§ **WHAT TO WORK ON**
Your output must be the lines below from the line containing "Used 2022 Honda Accord Sport image 31" to the line containing "Casa para alugar com 80m², 2 quartos e 1 vaga Casa", both lines included, reproduced exactly and without pictures.

PROVIDED RECORDS below:

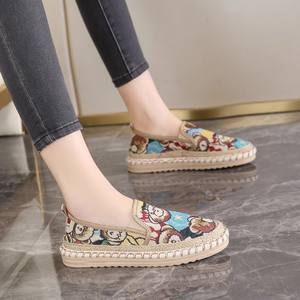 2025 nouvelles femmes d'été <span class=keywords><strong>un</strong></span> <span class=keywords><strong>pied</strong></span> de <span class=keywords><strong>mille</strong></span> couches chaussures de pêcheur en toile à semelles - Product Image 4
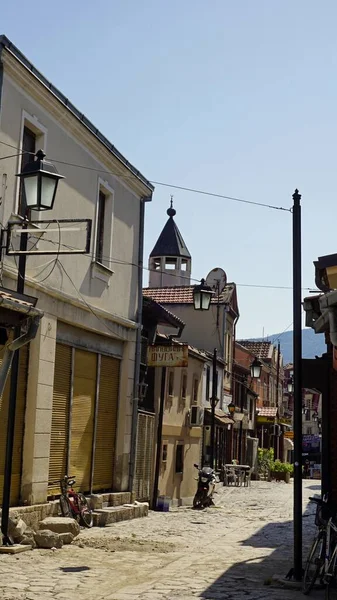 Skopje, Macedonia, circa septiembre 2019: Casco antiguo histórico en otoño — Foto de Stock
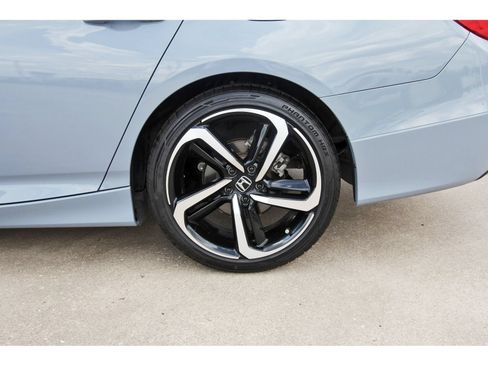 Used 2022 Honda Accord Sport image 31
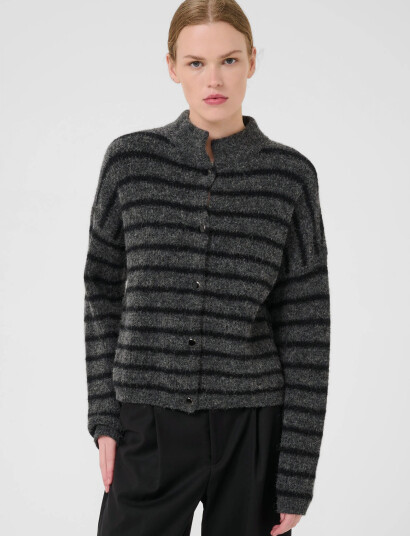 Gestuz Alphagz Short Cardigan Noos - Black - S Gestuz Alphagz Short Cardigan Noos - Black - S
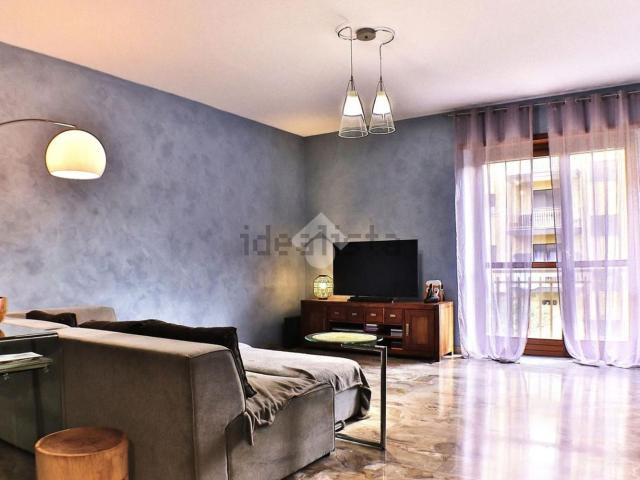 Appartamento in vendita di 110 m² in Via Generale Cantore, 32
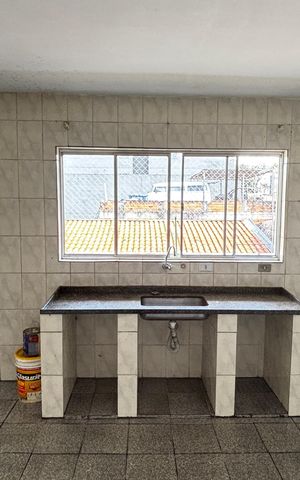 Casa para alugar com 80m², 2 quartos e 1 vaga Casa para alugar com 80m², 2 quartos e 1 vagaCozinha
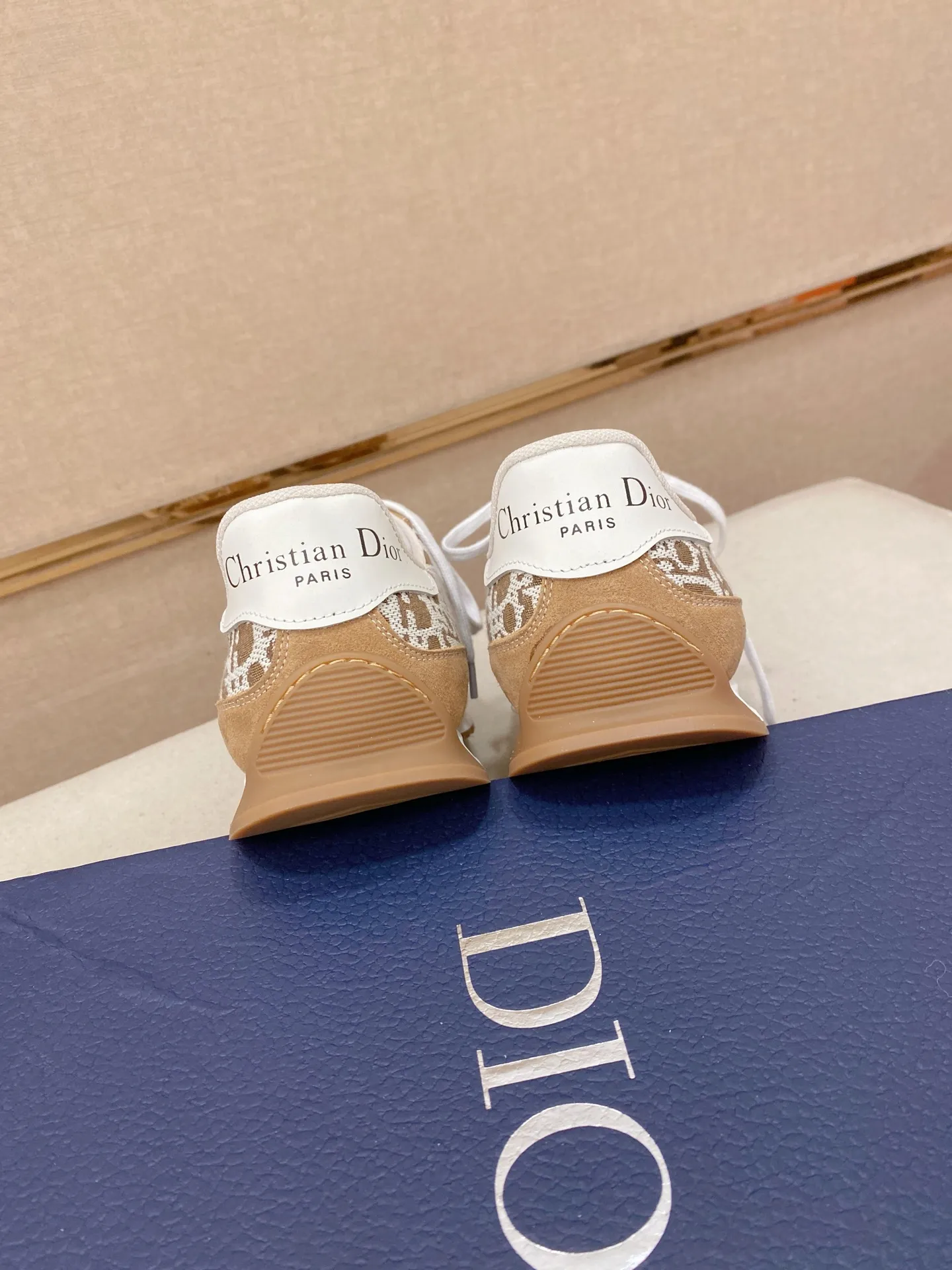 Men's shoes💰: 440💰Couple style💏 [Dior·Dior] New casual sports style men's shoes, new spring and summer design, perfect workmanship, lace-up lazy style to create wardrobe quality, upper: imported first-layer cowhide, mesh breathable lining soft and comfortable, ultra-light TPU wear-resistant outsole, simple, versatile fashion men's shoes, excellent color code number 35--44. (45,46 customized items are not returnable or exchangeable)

End of PROVIDED RECORDS.

§ **EXERCISE RESULT**
 Used 2022 Honda Accord Sport image 31
 Gestuz Alphagz Short Cardigan Noos - Black - S Gestuz Alphagz Short Cardigan Noos - Black - S
 Appartamento in vendita di 110 m² in Via Generale Cantore, 32
 Casa para alugar com 80m², 2 quartos e 1 vaga Casa para alugar com 80m², 2 quartos e 1 vagaCozinha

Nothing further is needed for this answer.